START Material for this task
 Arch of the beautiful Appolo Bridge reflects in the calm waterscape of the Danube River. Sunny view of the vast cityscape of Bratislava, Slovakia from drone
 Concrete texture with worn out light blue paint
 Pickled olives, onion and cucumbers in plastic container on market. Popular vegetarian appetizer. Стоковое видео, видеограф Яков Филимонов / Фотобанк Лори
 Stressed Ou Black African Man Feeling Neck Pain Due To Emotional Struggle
END Material for this task
START Material for this task
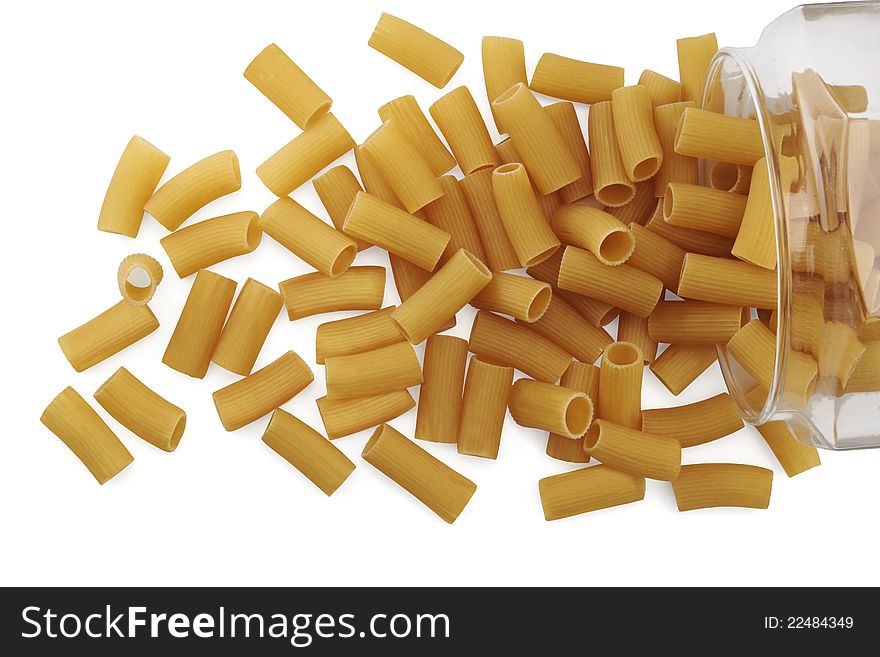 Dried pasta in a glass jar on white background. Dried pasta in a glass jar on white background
END Material for this task
Action item - In the listing above, find the line with "Arch of the" and the line with "Pickled olives, onion"; output exactly those lines and all lines between them.

Result for this exercise -
 Arch of the beautiful Appolo Bridge reflects in the calm waterscape of the Danube River. Sunny view of the vast cityscape of Bratislava, Slovakia from drone
 Concrete texture with worn out light blue paint
 Pickled olives, onion and cucumbers in plastic container on market. Popular vegetarian appetizer. Стоковое видео, видеограф Яков Филимонов / Фотобанк Лори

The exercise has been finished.